The color palette is one of the most significant elements of web design. Colors are mood-setters that can articulate the message of your site without words. In addition to their direct impact on the site’s look, colors can also compliment or even define the type of statement that you want to make in your website’s design.
This is why choosing colors is one of the first steps you take when you create a website, and it’s important that you make an educated decision on the matter. There are a number of factors to take into account when you choose the color schemes of your website.
When you’re comparing color options, remember the big picture. It’s not just about the color of the font and how it matches the color of the buttons. The colors that are prominent on your website should reflect your brand identity more generally.
You wouldn’t use one logo for your website and another logo for your package design, right? It’s the same with colors. Be consistent with how you look across different marketing platforms and work with colors that you believe really represent you and your brand’s vision.
Defining a site’s color palette requires a bit of mix and matching, but unlike a mad scientist, you can’t simply throw in several options based on a whim.
Simply put, color combinations are measured by how the colors compliment or contrast each other. Working with a color wheel and following the principles of color theory can help you create successful combinations based on the relationship between primary, secondary, tertiary colors, etc.
The task of web design does not end with making sites look good. Good design should support smooth and easy browsing, and colors play a significant role in determining a site’s usability. Beyond aesthetic considerations, your choice of colors should take the following into account:
Many colors are closely linked with a specific mood or feeling. Most of your website visitors are already “programmed” to identify red with passion, to distinguish between cold and warm colors, or to associate cleanliness with white backgrounds and a minimal palette.
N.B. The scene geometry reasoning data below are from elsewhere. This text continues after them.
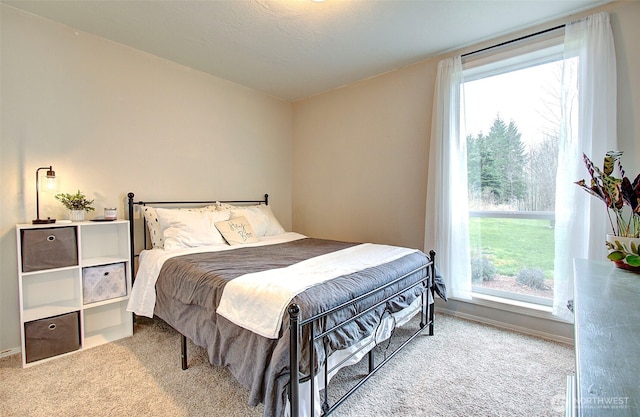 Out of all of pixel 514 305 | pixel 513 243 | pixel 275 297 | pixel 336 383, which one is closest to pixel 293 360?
pixel 275 297

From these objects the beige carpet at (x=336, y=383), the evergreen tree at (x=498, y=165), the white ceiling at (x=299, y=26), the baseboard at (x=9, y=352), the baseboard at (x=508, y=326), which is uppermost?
the white ceiling at (x=299, y=26)

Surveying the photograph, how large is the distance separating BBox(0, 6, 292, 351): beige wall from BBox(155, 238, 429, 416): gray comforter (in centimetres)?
113

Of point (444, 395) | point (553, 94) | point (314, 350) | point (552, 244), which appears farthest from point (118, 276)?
point (553, 94)

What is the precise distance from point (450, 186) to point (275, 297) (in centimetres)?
202

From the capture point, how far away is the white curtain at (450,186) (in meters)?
2.67

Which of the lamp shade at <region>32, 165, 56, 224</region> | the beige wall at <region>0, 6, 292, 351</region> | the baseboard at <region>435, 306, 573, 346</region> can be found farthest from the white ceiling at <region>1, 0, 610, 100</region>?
the baseboard at <region>435, 306, 573, 346</region>

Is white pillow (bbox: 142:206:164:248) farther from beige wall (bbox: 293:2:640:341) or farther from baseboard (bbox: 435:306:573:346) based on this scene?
baseboard (bbox: 435:306:573:346)

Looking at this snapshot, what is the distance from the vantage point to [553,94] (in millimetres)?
2416

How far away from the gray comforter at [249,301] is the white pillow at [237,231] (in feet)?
1.18

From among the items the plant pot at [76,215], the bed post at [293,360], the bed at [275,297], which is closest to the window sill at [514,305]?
the bed at [275,297]

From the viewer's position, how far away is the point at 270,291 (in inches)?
57.5

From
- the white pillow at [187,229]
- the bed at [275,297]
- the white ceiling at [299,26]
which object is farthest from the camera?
the white pillow at [187,229]

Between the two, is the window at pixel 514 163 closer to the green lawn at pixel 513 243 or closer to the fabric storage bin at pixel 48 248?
the green lawn at pixel 513 243

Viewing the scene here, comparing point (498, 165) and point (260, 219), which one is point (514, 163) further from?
point (260, 219) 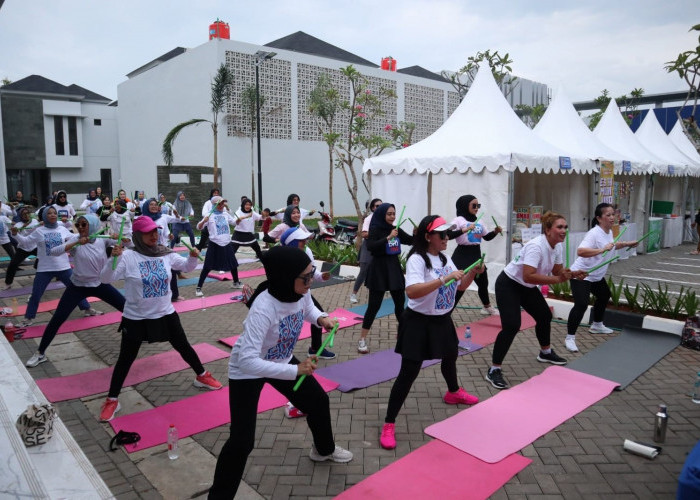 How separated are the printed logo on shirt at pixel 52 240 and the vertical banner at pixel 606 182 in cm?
1089

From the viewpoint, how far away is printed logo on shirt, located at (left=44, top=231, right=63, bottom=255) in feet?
22.5

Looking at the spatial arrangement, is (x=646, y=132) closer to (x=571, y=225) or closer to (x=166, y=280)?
(x=571, y=225)

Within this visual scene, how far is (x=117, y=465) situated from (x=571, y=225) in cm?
1197

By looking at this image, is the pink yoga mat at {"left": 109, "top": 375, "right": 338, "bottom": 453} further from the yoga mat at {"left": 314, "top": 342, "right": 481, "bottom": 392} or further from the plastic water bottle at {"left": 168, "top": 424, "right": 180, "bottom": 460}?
the yoga mat at {"left": 314, "top": 342, "right": 481, "bottom": 392}

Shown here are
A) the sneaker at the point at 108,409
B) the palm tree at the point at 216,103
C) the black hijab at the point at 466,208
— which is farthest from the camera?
the palm tree at the point at 216,103

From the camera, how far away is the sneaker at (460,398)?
4645mm

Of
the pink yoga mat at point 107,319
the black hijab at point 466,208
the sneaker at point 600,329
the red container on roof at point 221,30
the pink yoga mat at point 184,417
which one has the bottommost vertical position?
the pink yoga mat at point 107,319

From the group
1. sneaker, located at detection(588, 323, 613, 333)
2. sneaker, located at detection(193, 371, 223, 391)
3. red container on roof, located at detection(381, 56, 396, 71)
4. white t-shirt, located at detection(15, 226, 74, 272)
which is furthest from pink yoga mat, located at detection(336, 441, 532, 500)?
red container on roof, located at detection(381, 56, 396, 71)

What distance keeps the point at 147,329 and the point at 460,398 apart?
291cm

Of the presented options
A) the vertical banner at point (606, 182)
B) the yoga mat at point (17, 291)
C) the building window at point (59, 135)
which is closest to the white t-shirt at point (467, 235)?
the vertical banner at point (606, 182)

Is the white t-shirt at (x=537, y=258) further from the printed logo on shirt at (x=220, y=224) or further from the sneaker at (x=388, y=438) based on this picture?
the printed logo on shirt at (x=220, y=224)

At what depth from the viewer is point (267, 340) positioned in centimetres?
301

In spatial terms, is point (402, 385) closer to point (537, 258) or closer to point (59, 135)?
point (537, 258)

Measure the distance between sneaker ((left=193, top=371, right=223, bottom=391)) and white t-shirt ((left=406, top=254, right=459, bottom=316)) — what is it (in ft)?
7.45
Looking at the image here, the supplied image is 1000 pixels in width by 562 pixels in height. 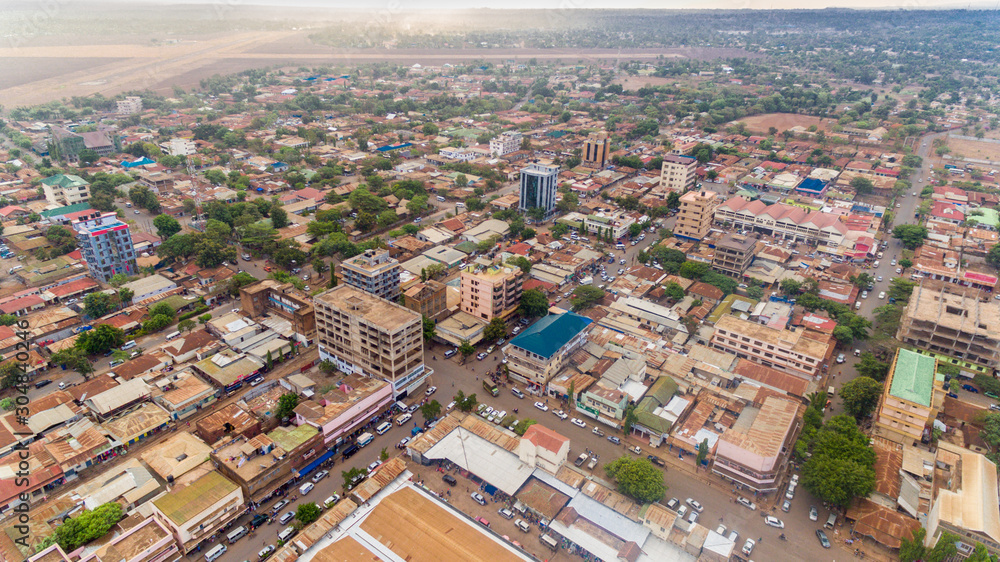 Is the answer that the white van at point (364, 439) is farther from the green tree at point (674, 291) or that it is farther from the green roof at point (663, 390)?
the green tree at point (674, 291)

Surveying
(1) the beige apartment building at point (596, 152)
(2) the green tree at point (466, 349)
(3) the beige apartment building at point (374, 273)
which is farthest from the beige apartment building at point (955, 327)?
(1) the beige apartment building at point (596, 152)

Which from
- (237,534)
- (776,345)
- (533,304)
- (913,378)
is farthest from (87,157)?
(913,378)

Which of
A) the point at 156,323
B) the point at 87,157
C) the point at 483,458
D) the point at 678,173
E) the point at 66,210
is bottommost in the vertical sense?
the point at 483,458

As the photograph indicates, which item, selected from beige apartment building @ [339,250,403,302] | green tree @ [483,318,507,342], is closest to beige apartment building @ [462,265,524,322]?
green tree @ [483,318,507,342]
To make this work in your favor, you first need to identify the mindset you want your web design to create and then find the right palette to support it. This guide provides an informative introduction into color psychology that any web design could benefit from.
Whatever your associations with certain colors are, keep in mind that colors operate in a cultural context and may have specific (and sometimes contradictory) meanings to groups from different backgrounds.
For example, English-speaking societies think of white as a color of purity while some Asian cultures associate it with mourning; while many cultures nowadays link between green and the environment, green is also the most sacred color in the Muslim religion; specific shades of red and blue gain an additional meaning during a US presidential campaign; and the vintage trend that has been with us for a while connects certain hues with the decades they were most prominent in.
These color associations don’t necessarily overwrite each other, but they do remind us that we shouldn’t assume that color interpretations are universal.